● How to complete this task:
Each line below must be written out exactly as shown.

↓↓↓

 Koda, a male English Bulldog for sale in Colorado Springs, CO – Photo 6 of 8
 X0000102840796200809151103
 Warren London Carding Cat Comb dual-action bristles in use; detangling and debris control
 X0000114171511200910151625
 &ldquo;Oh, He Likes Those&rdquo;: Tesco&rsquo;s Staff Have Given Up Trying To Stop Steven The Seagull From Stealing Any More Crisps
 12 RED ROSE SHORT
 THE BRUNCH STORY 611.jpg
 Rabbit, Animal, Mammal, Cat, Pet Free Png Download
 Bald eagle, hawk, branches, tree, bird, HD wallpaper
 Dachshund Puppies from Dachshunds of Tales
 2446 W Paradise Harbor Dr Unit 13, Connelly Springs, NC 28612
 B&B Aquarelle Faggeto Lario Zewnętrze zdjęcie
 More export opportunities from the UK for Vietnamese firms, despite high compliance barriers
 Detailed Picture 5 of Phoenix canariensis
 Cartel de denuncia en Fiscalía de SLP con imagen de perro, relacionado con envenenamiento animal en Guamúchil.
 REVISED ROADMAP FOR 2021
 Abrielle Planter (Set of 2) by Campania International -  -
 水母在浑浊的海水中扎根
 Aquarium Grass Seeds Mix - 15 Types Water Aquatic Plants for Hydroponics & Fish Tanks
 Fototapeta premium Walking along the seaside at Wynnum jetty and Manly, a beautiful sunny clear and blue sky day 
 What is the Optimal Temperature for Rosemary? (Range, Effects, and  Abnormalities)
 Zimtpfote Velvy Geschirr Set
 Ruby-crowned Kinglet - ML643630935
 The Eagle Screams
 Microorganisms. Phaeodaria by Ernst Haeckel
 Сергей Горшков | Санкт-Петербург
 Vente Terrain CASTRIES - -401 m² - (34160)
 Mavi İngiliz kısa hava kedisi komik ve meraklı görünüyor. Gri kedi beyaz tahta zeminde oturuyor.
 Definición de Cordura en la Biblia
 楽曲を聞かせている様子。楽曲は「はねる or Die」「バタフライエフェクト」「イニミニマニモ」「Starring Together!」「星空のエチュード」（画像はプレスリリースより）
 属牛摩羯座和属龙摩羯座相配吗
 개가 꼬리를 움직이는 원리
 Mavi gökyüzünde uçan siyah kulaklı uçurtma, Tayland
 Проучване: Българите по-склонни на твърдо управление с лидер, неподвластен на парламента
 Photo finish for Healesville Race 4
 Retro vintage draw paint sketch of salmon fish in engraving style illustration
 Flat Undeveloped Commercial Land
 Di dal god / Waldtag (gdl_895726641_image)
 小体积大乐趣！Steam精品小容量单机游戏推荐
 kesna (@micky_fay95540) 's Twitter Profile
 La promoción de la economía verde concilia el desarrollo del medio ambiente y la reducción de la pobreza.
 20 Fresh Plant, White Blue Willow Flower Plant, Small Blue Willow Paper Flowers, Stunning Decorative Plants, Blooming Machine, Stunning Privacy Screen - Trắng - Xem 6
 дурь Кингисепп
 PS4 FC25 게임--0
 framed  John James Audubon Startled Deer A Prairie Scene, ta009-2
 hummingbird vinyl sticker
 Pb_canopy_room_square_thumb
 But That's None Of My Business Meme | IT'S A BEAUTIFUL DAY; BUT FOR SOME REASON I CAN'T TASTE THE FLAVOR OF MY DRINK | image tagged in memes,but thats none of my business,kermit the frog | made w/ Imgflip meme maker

↑↑↑

● Final answer:
 Koda, a male English Bulldog for sale in Colorado Springs, CO – Photo 6 of 8
 X0000102840796200809151103
 Warren London Carding Cat Comb dual-action bristles in use; detangling and debris control
 X0000114171511200910151625
 &ldquo;Oh, He Likes Those&rdquo;: Tesco&rsquo;s Staff Have Given Up Trying To Stop Steven The Seagull From Stealing Any More Crisps
 12 RED ROSE SHORT
 THE BRUNCH STORY 611.jpg
 Rabbit, Animal, Mammal, Cat, Pet Free Png Download
 Bald eagle, hawk, branches, tree, bird, HD wallpaper
 Dachshund Puppies from Dachshunds of Tales
 2446 W Paradise Harbor Dr Unit 13, Connelly Springs, NC 28612
 B&B Aquarelle Faggeto Lario Zewnętrze zdjęcie
 More export opportunities from the UK for Vietnamese firms, despite high compliance barriers
 Detailed Picture 5 of Phoenix canariensis
 Cartel de denuncia en Fiscalía de SLP con imagen de perro, relacionado con envenenamiento animal en Guamúchil.
 REVISED ROADMAP FOR 2021
 Abrielle Planter (Set of 2) by Campania International -  -
 水母在浑浊的海水中扎根
 Aquarium Grass Seeds Mix - 15 Types Water Aquatic Plants for Hydroponics & Fish Tanks
 Fototapeta premium Walking along the seaside at Wynnum jetty and Manly, a beautiful sunny clear and blue sky day 
 What is the Optimal Temperature for Rosemary? (Range, Effects, and  Abnormalities)
 Zimtpfote Velvy Geschirr Set
 Ruby-crowned Kinglet - ML643630935
 The Eagle Screams
 Microorganisms. Phaeodaria by Ernst Haeckel
 Сергей Горшков | Санкт-Петербург
 Vente Terrain CASTRIES - -401 m² - (34160)
 Mavi İngiliz kısa hava kedisi komik ve meraklı görünüyor. Gri kedi beyaz tahta zeminde oturuyor.
 Definición de Cordura en la Biblia
 楽曲を聞かせている様子。楽曲は「はねる or Die」「バタフライエフェクト」「イニミニマニモ」「Starring Together!」「星空のエチュード」（画像はプレスリリースより）
 属牛摩羯座和属龙摩羯座相配吗
 개가 꼬리를 움직이는 원리
 Mavi gökyüzünde uçan siyah kulaklı uçurtma, Tayland
 Проучване: Българите по-склонни на твърдо управление с лидер, неподвластен на парламента
 Photo finish for Healesville Race 4
 Retro vintage draw paint sketch of salmon fish in engraving style illustration
 Flat Undeveloped Commercial Land
 Di dal god / Waldtag (gdl_895726641_image)
 小体积大乐趣！Steam精品小容量单机游戏推荐
 kesna (@micky_fay95540) 's Twitter Profile
 La promoción de la economía verde concilia el desarrollo del medio ambiente y la reducción de la pobreza.
 20 Fresh Plant, White Blue Willow Flower Plant, Small Blue Willow Paper Flowers, Stunning Decorative Plants, Blooming Machine, Stunning Privacy Screen - Trắng - Xem 6
 дурь Кингисепп
 PS4 FC25 게임--0
 framed  John James Audubon Startled Deer A Prairie Scene, ta009-2
 hummingbird vinyl sticker
 Pb_canopy_room_square_thumb
 But That's None Of My Business Meme | IT'S A BEAUTIFUL DAY; BUT FOR SOME REASON I CAN'T TASTE THE FLAVOR OF MY DRINK | image tagged in memes,but thats none of my business,kermit the frog | made w/ Imgflip meme maker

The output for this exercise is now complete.